— INSTRUCTIONS FOR THE TASK —
When you reach the line containing "Notig Wool Blend" in the entries below, start writing out each line exactly, and stop after the line containing "Oversized Pocket Flared".

— RECORDS TO USE —
______________________________
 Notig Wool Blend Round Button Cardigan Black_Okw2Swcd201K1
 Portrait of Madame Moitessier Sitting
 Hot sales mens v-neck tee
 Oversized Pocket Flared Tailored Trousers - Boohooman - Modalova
______________________________
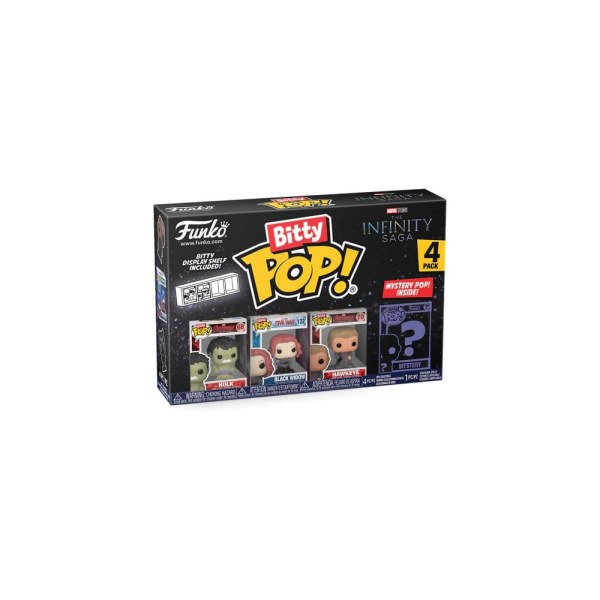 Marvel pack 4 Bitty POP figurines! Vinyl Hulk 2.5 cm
______________________________
— EXERCISE RESPONSE —
 Notig Wool Blend Round Button Cardigan Black_Okw2Swcd201K1
 Portrait of Madame Moitessier Sitting
 Hot sales mens v-neck tee
 Oversized Pocket Flared Tailored Trousers - Boohooman - Modalova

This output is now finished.